Os Abismos Humanos e o Politicamente Correto

in #pt6 years ago (edited)
Lembro-me de que soltávamos os papa-capins muito novos que capturávamos. Aqueles ainda pardos. Os únicos que caíam no nosso alçapão. Nos queríamos só os que já começavam a ganhar a coloração dos machos adultos, pois as fêmeas não cantam e são sempre pardas. Foi quando tive aquela ideia de pegar um dos que íamos descartar e lançá-lo bem alto e longe. Não vi nada de mais nisso, pois eram seres que voam. De fato, pareceu que ele nem teve muita dificuldade de recobrar o controle e voar para a mata.

Lembro-me também de quando numa pescaria, ao pegar um lambari muito pequeno, em vez de colocá-lo de volta na água, resolvi arremessá-lo o mais longe que podia em direção ao meio do lago. Não vi problema nisso, a água o amorteceria e ele era adaptado a ela.

E, por último, lembro-me de quando, ao ver um cão passando na rua, eu punha a mão no chão, e só isso já era suficiente para ver ele sair disparado com medo de levar uma pedrada.
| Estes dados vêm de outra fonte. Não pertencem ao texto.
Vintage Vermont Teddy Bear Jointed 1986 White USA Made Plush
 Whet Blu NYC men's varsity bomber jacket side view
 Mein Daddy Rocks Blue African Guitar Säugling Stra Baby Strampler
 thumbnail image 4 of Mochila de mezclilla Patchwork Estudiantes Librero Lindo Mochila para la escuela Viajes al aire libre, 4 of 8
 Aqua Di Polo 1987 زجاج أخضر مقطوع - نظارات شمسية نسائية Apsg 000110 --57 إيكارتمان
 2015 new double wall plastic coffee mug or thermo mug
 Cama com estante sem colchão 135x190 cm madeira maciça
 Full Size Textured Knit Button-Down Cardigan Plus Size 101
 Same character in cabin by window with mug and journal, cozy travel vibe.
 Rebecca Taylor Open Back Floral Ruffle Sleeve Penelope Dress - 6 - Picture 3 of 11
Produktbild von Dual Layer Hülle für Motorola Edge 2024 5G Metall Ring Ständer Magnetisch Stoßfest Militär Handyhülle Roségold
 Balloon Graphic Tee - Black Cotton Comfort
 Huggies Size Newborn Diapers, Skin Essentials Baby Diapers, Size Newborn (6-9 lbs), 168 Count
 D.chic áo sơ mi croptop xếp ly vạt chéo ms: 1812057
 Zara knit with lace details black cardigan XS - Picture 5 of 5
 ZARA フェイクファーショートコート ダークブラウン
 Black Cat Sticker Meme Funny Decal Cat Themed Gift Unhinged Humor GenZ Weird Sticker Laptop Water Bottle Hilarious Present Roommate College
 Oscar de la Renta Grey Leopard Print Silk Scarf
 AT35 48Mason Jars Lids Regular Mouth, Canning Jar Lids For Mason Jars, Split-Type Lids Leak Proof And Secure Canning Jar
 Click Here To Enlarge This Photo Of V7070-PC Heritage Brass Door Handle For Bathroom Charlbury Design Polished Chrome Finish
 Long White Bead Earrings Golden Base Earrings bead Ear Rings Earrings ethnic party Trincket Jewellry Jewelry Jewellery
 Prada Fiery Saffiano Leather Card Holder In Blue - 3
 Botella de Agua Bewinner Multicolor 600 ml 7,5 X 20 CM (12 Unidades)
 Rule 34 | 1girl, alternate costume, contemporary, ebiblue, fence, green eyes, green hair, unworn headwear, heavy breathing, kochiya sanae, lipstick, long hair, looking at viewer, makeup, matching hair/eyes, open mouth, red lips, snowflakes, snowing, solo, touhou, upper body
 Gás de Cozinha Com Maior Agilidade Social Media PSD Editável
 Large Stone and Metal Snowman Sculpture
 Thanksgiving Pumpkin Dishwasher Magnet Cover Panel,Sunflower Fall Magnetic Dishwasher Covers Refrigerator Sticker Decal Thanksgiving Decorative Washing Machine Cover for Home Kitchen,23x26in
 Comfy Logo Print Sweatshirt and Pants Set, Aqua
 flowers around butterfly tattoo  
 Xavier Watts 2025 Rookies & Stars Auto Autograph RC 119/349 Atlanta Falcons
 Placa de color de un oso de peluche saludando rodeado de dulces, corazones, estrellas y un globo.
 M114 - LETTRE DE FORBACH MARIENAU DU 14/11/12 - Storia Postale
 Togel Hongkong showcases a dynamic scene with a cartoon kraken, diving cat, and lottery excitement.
Hoje, pensando nesses fatos, vejo muita estupidez. O pobre passarinho, uma criatura tão delicada sendo jogada para o ar como uma coisa, sofrendo aquela imensa aceleração e saindo da mão como uma pedra. Certamente, pode ter se machucado. E o peixe, puxado violentamente para um meio estranho e, depois, sendo lançado com toda aquela velocidade. Pode ter perdido uma nadadeira ou até um olho.

E o pobre cão? O coitado perdera parte do seu agradável e alegre passeio pelo bairro.

Hoje sei que todas essas ações de fato tinham uma única motivação, não percebida na época. Era o desejo de sentir poder sobre outros seres. Desejo só possível de ser exercido devido a falta de empatia e à ignorância.

Mas, é claro que não se podia esperar muita empatia pelos animais em crianças que estavam capturando seres para passarem anos presos numa gaiola (já pesou o que é passar estressantes e entediantes tardes inteiras numa gaiola), ou em quem se diverte puxando criaturas aquáticas com um anzol pontiagudo enfiado na boca (é claro que o peixe deve sentir uma dor terrível).

Lembrando-me desses fatos, tentei pensar no que seria, no mundo dos humanos adultos, o equivalente àquela mão de criança. E o que eu encontrei foram palavras.

Palavras… É com elas que os humanos podem ser lançados como coisas para dentro dos seus próprios abismos. É com elas que se pode ameaçar dar pedradas nas partes mais vulneráveis do ser. E tudo isso sem culpa nenhuma, pois eles deveriam estar muito bem adaptados aos seus abismos. E, também, por que não há nenhuma pedra real.

Assim, a falta de empatia, a ignorância e a vontade de poder sobre os outros nos tornam incapazes de perceber o quão brutas e ameaçadoras podem ser as palavras.